Dua syarat utama dalam jual beli tanah, yakni:

Syarat Materiil

Penjual adalah orang yang berhak atas tanah yang ingin ia jual. Maksudnya yang berhak menjual
tanah adalah pemilik sah. Jika ia sudah berkeluarga, maka suami dan istri harus hadir dalam
penandatanganan perjanjian dan bertindak sebagai penjual. Kemudian Pembeli adalah orang yang
berhak atas tanah yang dibelinya. Maksudnya pembeli adalah orang-orang yang telah ditetapkan
secara hukum boleh untuk memiliki tanah di Indonesia. Berdasarkan Undang-Undang Pokok Agraria,
hanya WNI dan badan hukum yang sudah ditetapkan perundang-undangan saja yang boleh memiliki
tanah di wilayah RI.

Tanah yang diperjual belikan tidak dalam kondisi sengketa. Menurut UUPA, tanah-tanah yang bisa
dijadikan objek peralihan hak adalah tanah Hak Milik, Hak Guna Usaha, Hak Guna Bangunan dan Hak
Pakai.

Syarat Formil

Syarat formil berupa jual beli yang dilakukan di hadapan PPAT dan dipenuhi setelah syarat materiil
terpenuhi.

Implikasi hukum apabila proses jual beli tanah tidak dilakukan di depan PPAT.
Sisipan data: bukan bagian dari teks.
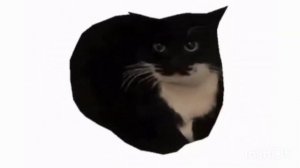 Песня Максвелл кот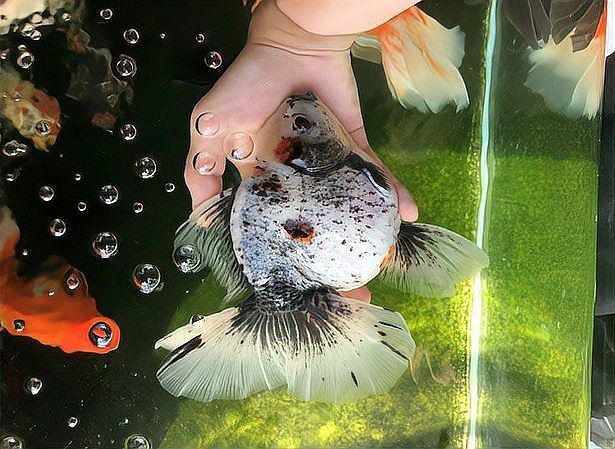 龍魚死后的正確處理方法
Dikarenakan pentingnya keabsahan kepemilikan tanah yang sah dan diakui negara secara hukum
sehingga jula beli yang dilakukan tidak didepan PPAT akan menghasilkan permasalahan dalam arti
tidak terbitnya bukti transakasi jual-beli yang disaksikan oleh saksi dan disahkan oleh pejaabat yang
diberikan kewenangan oleh pemerintah untuk permasalahan tersebut. Jika bukti transaksi tidak sah
bagaimana mungkin dapat menjadi dasar proses selanjutnya untuk penerbitan sertipikat hak atas
tanah dimaksud. Dalam jangka panjang, jika terjadi permasalahan terhadap tanah dimaksud maka
sangat rentan bagi pembeli untuk mengalami kerugian bahkan kehilangan tanahnya. Jadi
kesimpulannya bahwa transaksi jual-beli yang terjadi tidak didepan PPAT tidak memiliki dasar hukum
yang kuat untuk bisa mempertahankan haknya atas tanah.